[FOM] Hersh on Flyspeck
Joseph Shipman
JoeShipman at aol.com
Sat Oct 11 22:07:35 EDT 2014
I find the situation around the classification of finite simple groups most unsatisfactory. The linked article persuades me of something its author might disagree with: that Hales's project is very important and we need more like it.

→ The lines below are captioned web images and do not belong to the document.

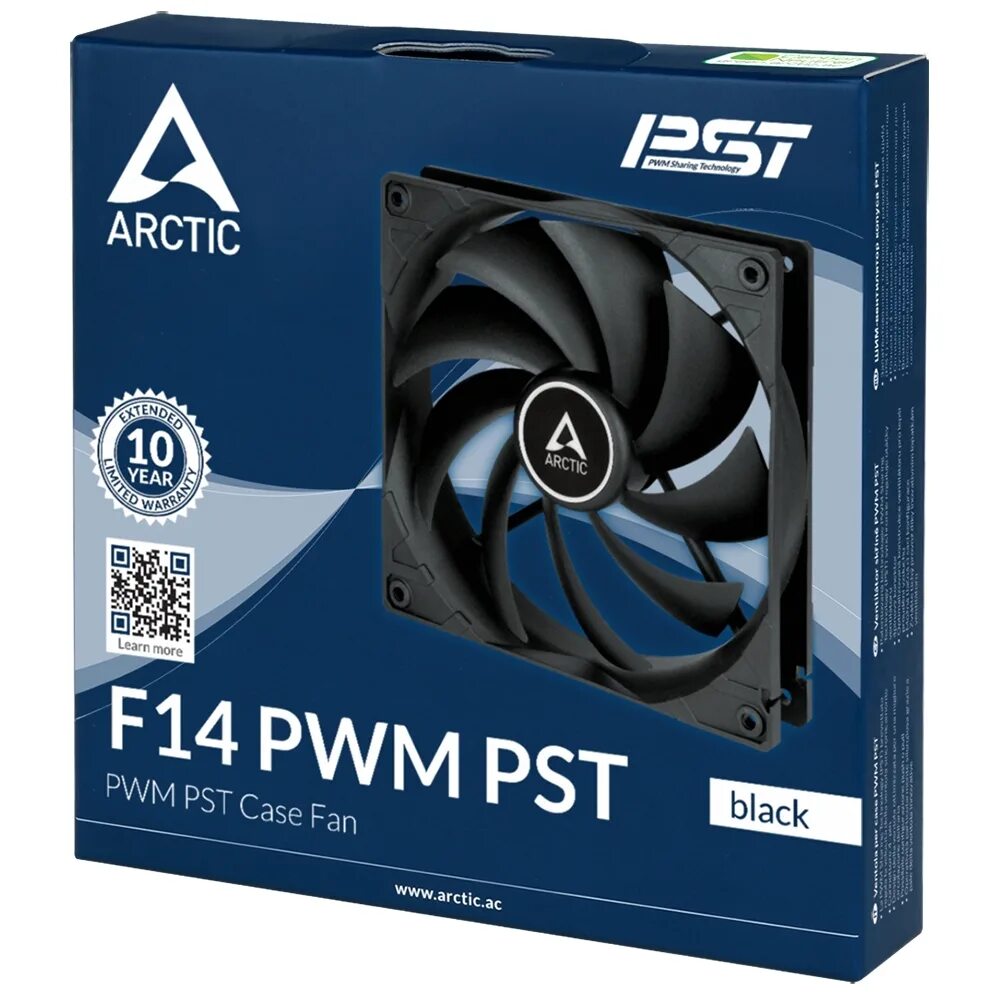 Pwm pst. Arctic f14 pwm. arctic cooling f14 140 мм. arctic f14 silent. arctic cooling arctic f14 pwm pst.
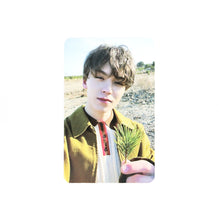 Load image into Gallery viewer, Seventeen &#39;Face The Sun&#39; Soundwave Lucky Draw Benefit Photocard
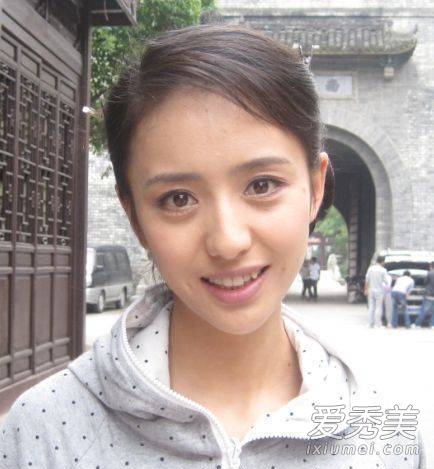 ����˭����Ȼ���� 10��Ů����ʵ�����մ��ع�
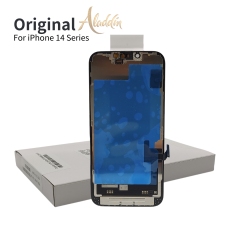 Оригинальный iPhone LCD Model 14 Brand New Service Pack LCD для iPhone 14 запчасти для мобильного телефона замена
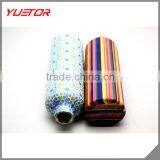 Sports Bottle Flask 1000MLAluminium Water Bottle Wide Mouth Camping thumbnail-1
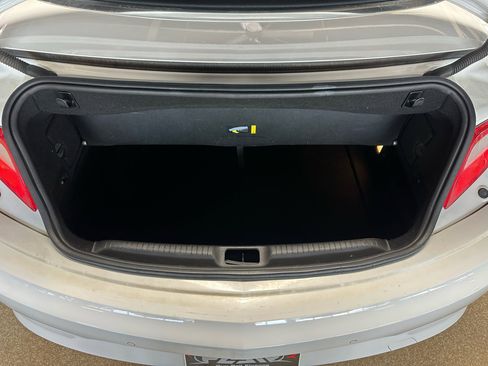 Used 2016 Buick Cascada Premium image 23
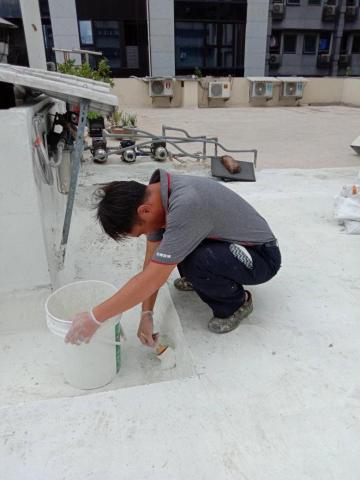 提供止水閥服務的專家滲水止漏診所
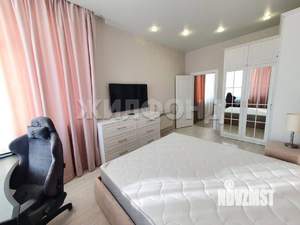 3-к квартира, на длительный срок, 75м2, 14/20 этаж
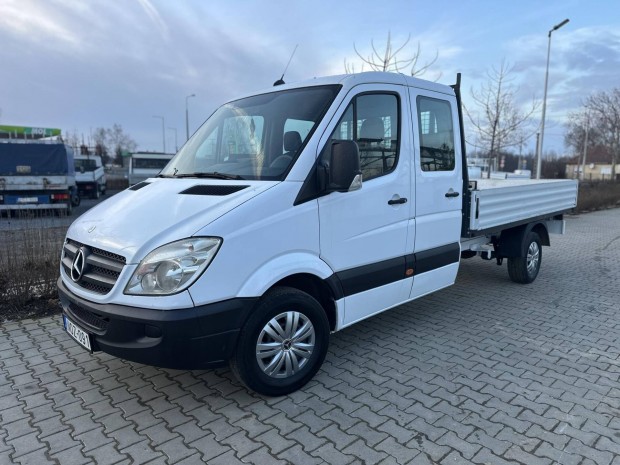 Mercedes-Benz Sprinter 315 CDI 906.231.13 3.5M-...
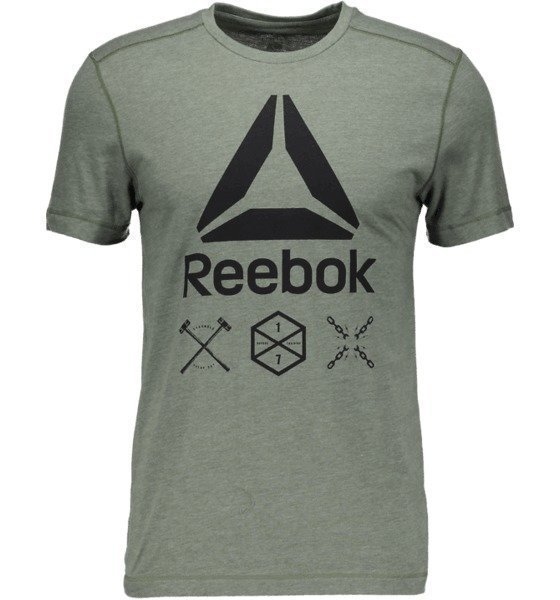 Reebok Speedw Delta Tee Treenipaita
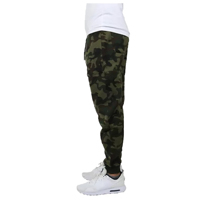 Survêtement d'hiver personnalisé pour homme, vêtements de sport décontractés, impression de logo personnalisé, 100 % coton, léger et respirant, pour promouvoir votre marque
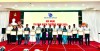 Hội Nhà báo Hưng Yên được tặng Bằng khen có thành tích xuất sắc trong hoạt động Hội năm 2024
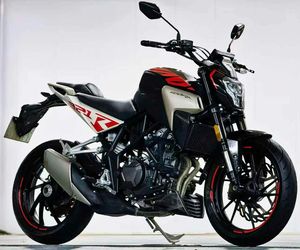 二手凯越Cobra 321R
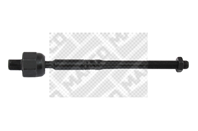 Тяга рулевая в сборе (ZF) BMW 1(E81)  3(E90) 06-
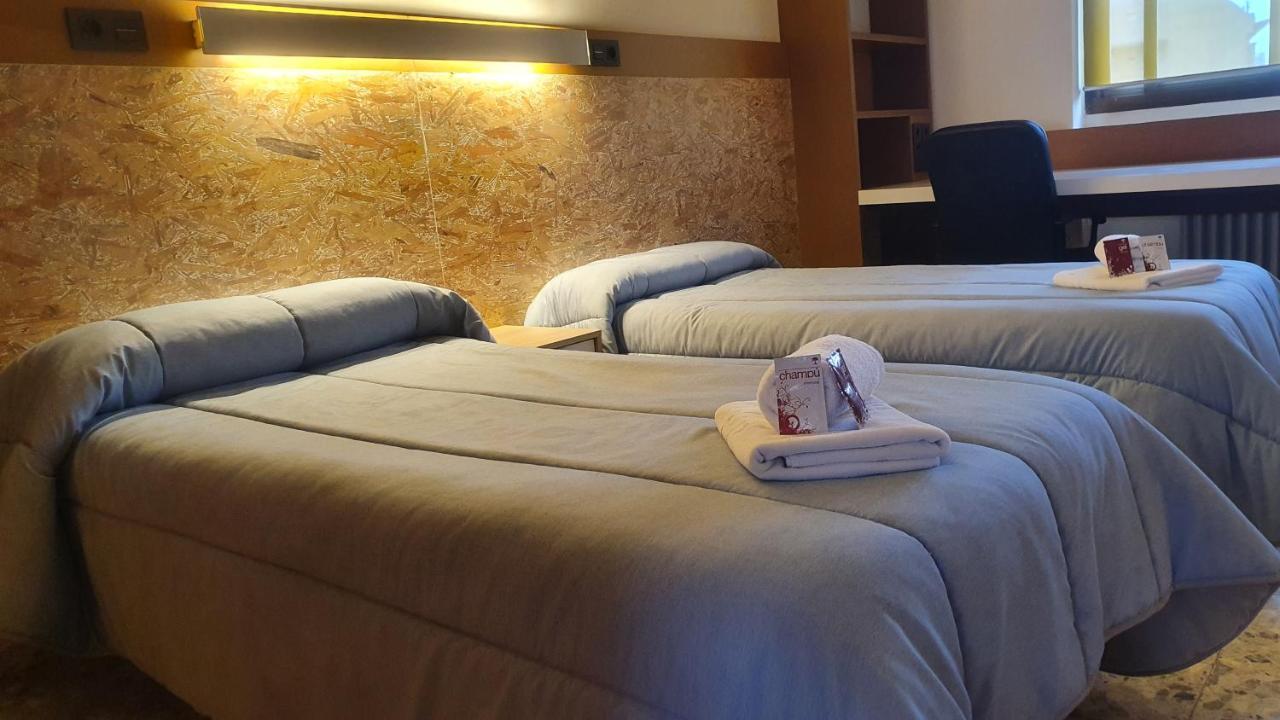 Hostal Peregrinos San Francisco De Asis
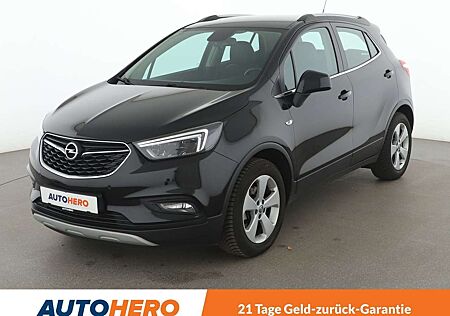 Opel Mokka X 1.6 CDTI DPF Innovation Start/Stop*CAM*NAVI*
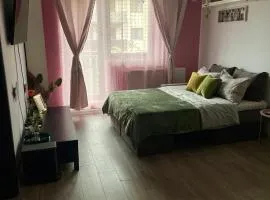 Pinky studio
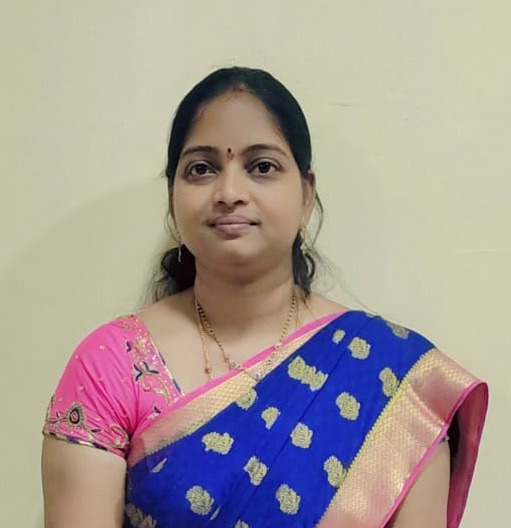 D. VIJAYA SRI, M.Tech (Ph.D), Associate Professor, ECE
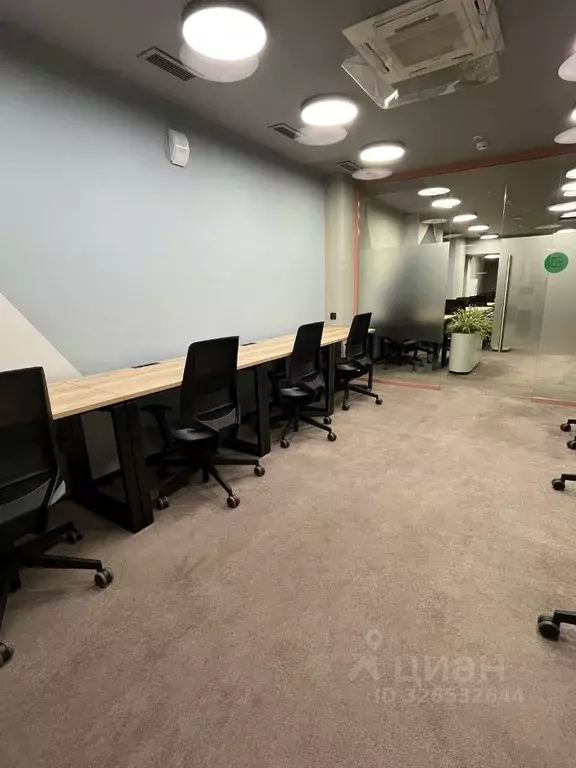 Офис в Санкт-Петербург 8-я Васильевского острова линия, 25 (18 м) - Фото 2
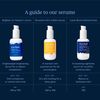 Ursa Major Mountain Glow Golden Serum 30ml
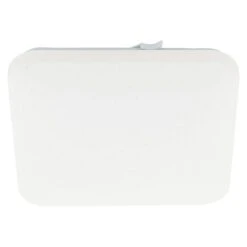 EGLO Led-wand- En Plafondlamp Frania-S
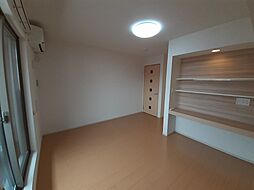 Ｇｒａｎａｄａ 202 2階1LDKのリビング/ダイニング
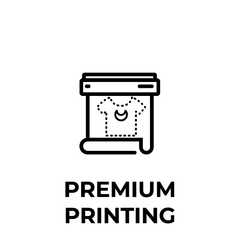 Premium Printing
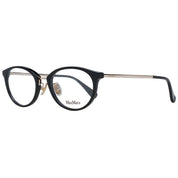 Black Women Glasses Frame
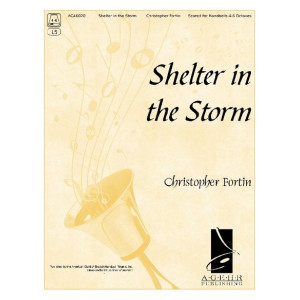 Shelter in the Storm (4-6 Octaves) *POD*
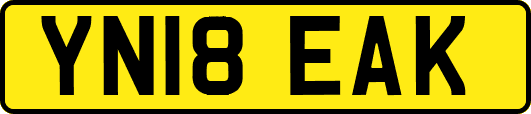 YN18EAK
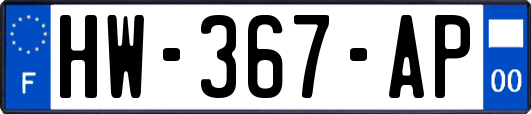 HW-367-AP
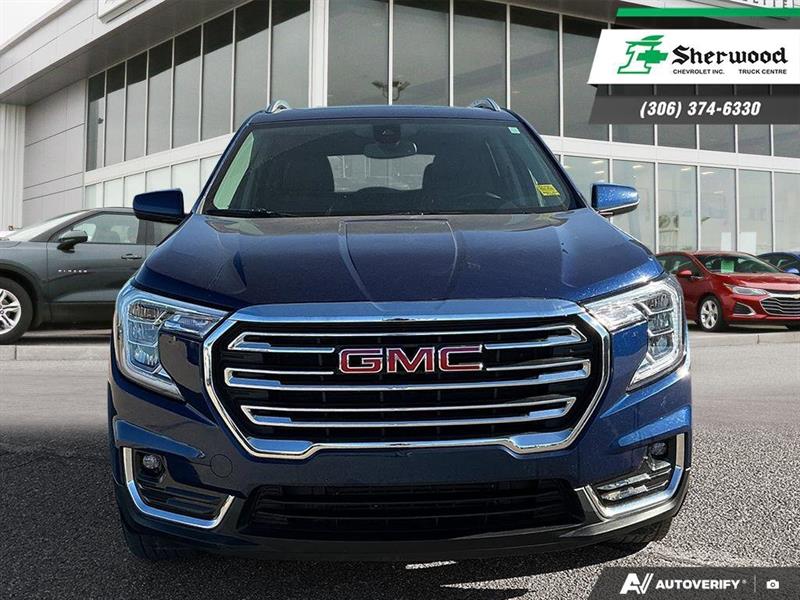 gmc Terrain 2022 - 2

Although I am persuaded by the article that the likelihood of the classification theorem being correct is overwhelming, that's not enough. Mathematics, like science, must be reproducible.
-- JS
> On Oct 11, 2014, at 5:25 PM, "Timothy Y. Chow" <tchow at alum.mit.edu> wrote:
>
> Back in January 2008, I wrote:
>
>> In the introduction to his delightful anthology, "18 Unconventional Essays on the Nature of Mathematics," Reuben Hersh states, regarding the Flyspeck project of Thomas Hales, that he does not know anyone who either believes that the project will be completed or that, even if claimed to be complete, it will be universally accepted as definitively verifying the correctness of the proof.
>
> Does anybody know if Hersh has commented publicly on the announcement of the completion of Flyspeck? Obviously, he was wrong about the completion of the project. Hersh can trivially ensure that Flyspeck will fail to be "universally" accepted, simply by refusing to accept it himself, but does he believe that significant numbers of mathematicians will continue to resist machine-verified formal proofs?
>
> I'm not sure what Hersh has in mind by "definitively verifying the correctness of a proof," but I really don't believe that the mathematical community as a whole is any more skeptical about the proof of the Kepler conjecture than about, say, the proof of Fermat's Last Theorem or the Poincare Conjecture. Does any FOM reader have anecdotal evidence to the contrary?
>
> Tim
>
> P.S. On a somewhat related note, I just learned (from Professor Joe Gallian) about the paper "A group theory of group theory" by Alma Steingart, which you can read here:
>
> http://alum.mit.edu/www/tchow/steingart.pdf
>
> Steingart takes a close look at the sociology of the proof of the classification of finite simple groups and arrives at conclusions that are somewhat similar to Hersh's philosophy of mathematics.